A few days after our interview, I drove out to Parkview High School on Cole Drive. Squinting in the bright sun, I surveyed the manicured fields in front of me. When that Klan rally was mysteriously cancelled decades earlier, locals began whispering that the county had been quietly negotiating with the owner to purchase the land for soccer fields. And the deal threatened to make like Sherman’s march to the sea if the field became a racist recruitment center for school kids. In 2012, those acres serve as five gorgeous playing fields run by the Gwinnett Soccer Association. Kids of every color now kick the ball down the field in what has become one of the most diverse counties in our state.

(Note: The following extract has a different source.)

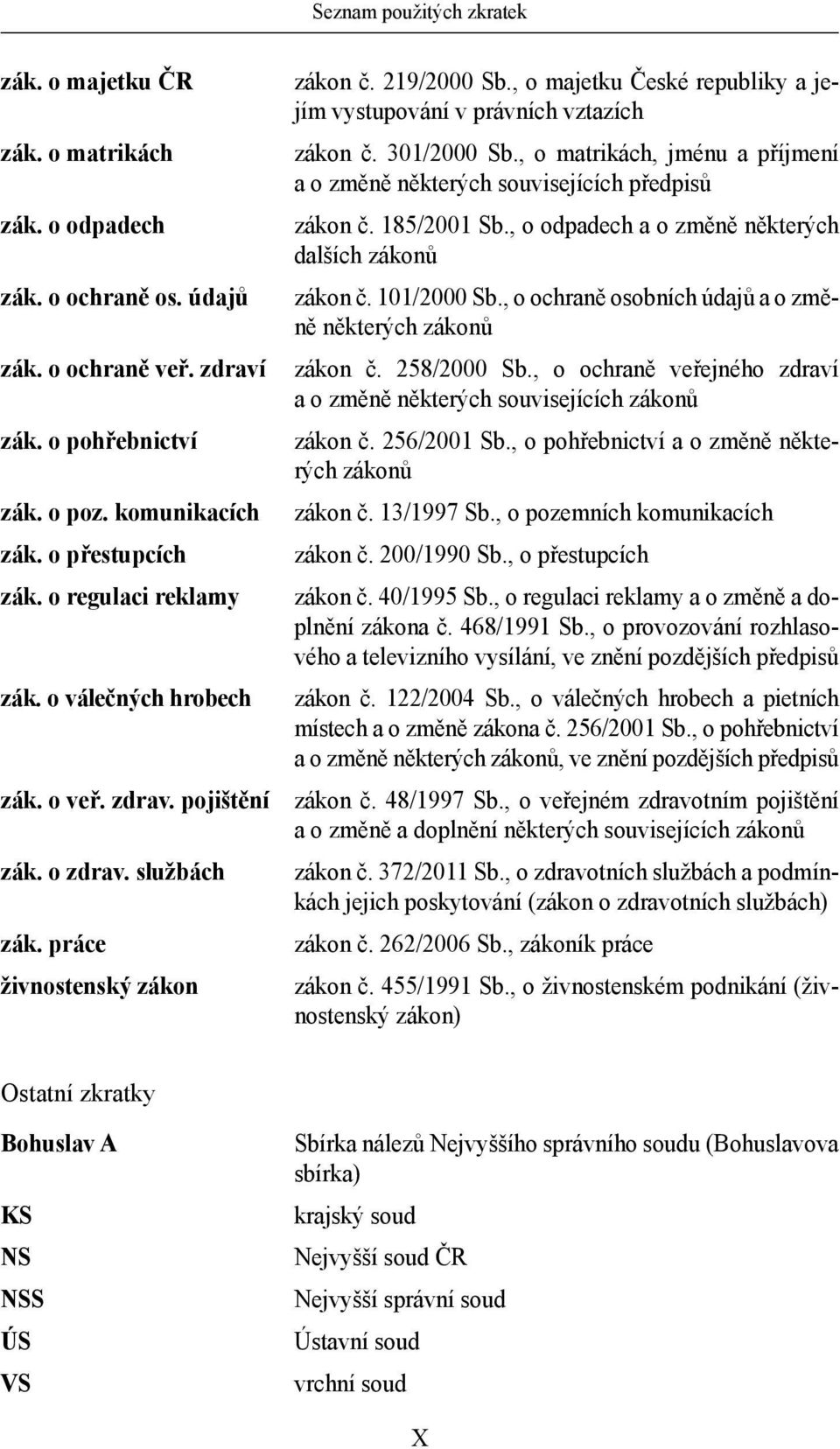 , o majetku České republiky a jejím vystupování v právních vztazích zákon č. 301/2000 Sb., o matrikách, jménu a příjmení a o změně některých souvisejících předpisů zákon č. 185/2001 Sb.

Monica threw away the hurtful letters from racist viewers she received over the years. She explained, “You should never keep anything that toxic.” It’s the one piece of advice from my old high school guidance counselor I haven’t heeded. On the day I received my diploma, I carefully refolded my correspondence from the Parkview Moral Majority and tucked it inside my Class of 1983 Felis Concolor Yearbook for safekeeping. I never wanted to forget that those people exist in the world. That yellowing hunk of loose-leaf notebook paper has served me well over the years. It became the catalyst for a career in journalism.